The call for the settlement right is sufficiently certain, but the call for the preemption right is too vague, and must be rejected.
A defendant in equity, who has obtained a patent for land not included in his entry, but covered by the complainants' entry, will be decreed to convey it to the complainants, but the complainants will not be required to convey to the defendant the land which they have obtained a patent for, which was covered by the defendant's entry, but which, by mistake, he omitted to survey.
Thomas Bodley, James Hughes, Robert Poague and Robert Campbell citizens of Kentucky, brought their bill in chancery against John Taylor, a citizen of Virginia, in the state court for the District of Washington, from whence it was afterwards, by consent, removed into the federal court for the District of Kentucky.
The bill states that on 17 October, 1783, Henry Crutcher and John Tibbs made the following entry with the county surveyor, viz.,
"Henry Crutcher and John Tibbs enters ten thousand acres of land on a Treasury warrant No. 18,747. as tenants in common; beginning at a large black ash and small buckeye marked thus (I.T) on the side of a buffalo road leading from the lower blue licks a northeast course, and about seven miles northeast by east from the said blue licks, a corner of an entry of twenty thousand acres made in the name of John Tibbs, John Clarke, John Sharpe, David Blanchard and Alexander McClain, running thence with the said Tibbs & Co.'s line due east sixteen
hundred poles, thence south one thousand poles, thence west sixteen hundred poles, thence north one thousand poles to the beginning for quantity."
That the same having been surveyed, Crutcher assigned his half to Robert Rutherford, to whom and Willoughby Tibbs (the heir of John Tibbs), a patent was afterwards granted.
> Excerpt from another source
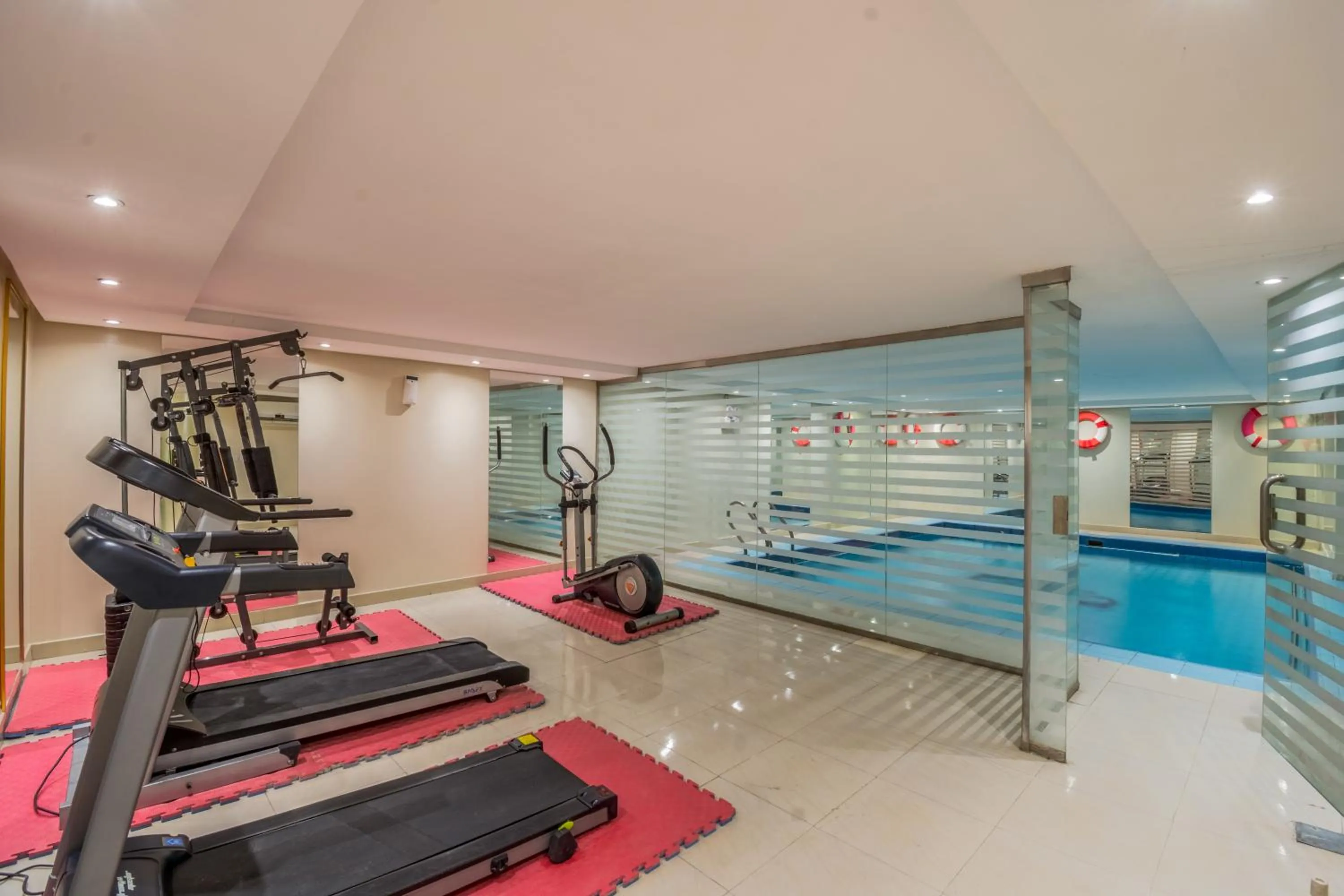 Fitness centre/facilities in Al Muhaidb Residence Al Malaz 1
Tibbs sold his right to Peyton, who sold a moiety thereof to Magill. Rutherford, Peyton, and Magill sold and conveyed the whole for a valuable consideration to the plaintiffs by deed dated February 15, 1799.
That the defendant Taylor having, on 22 May, 1780, made the following entry with the county surveyor, viz.,
"John Taylor enters three thousand acres of land upon a Treasury warrant adjoining John Walden on the north side of Johnson's Fork of licking, on the east and southeast sides, running up and down said creek, and north for quantity, to include an improvement made by Jacob Drennon and Simon Butler,"
has caused the same to be surveyed expressly contrary to location, and so as to interfere with your orator's claim aforesaid, and having obtained a patent older than that obtained by the said Rutherford and Tibbs, notwithstanding he knows his claim is surveyed contrary to location, and although requested, he refuses to convey to the plaintiffs. The prayer of the bill was that the defendant should convey to the plaintiffs so much of the land included in the defendant's patent as interfered with the plaintiffs' patent, and for general relief.
The defendant by his answer denied the jurisdiction of the court as a court of equity because the plaintiffs stated in their bill no equitable ground of relief. He avers his ignorance of the plaintiffs' title and that he did not know until within a few days then past the mode in which his own location or survey was made. That he had employed one Ambrose Walden to cause them to be located. He denies all fraud in making his survey. He avers that he was a bona fide purchaser for a full and clubjuris
valuable consideration, prior to the title claimed by the plaintiffs. That no caveat was entered against his survey. That he regularly obtained his patent. That a considerable part of his land has been cleared and settled. That 20 years have elapsed since the entry. That the landmarks and geographical objects which were at that time visible, have been changed, altered, or destroyed by time.
He contends that if he has surveyed and obtained a grant for lands not described in his entry, and which he had no right to survey, he ought not to be compelled to convey them to the plaintiffs unless they will convey to him what he had a right to survey, and which they have surveyed, and for which they have obtained a patent. That the plaintiffs' entries cover almost all the lands which the defendant could have surveyed under his entry. That by the plaintiffs' delay the defendant has lost the power to locate his warrants elsewhere, if they are improperly located, which he denies.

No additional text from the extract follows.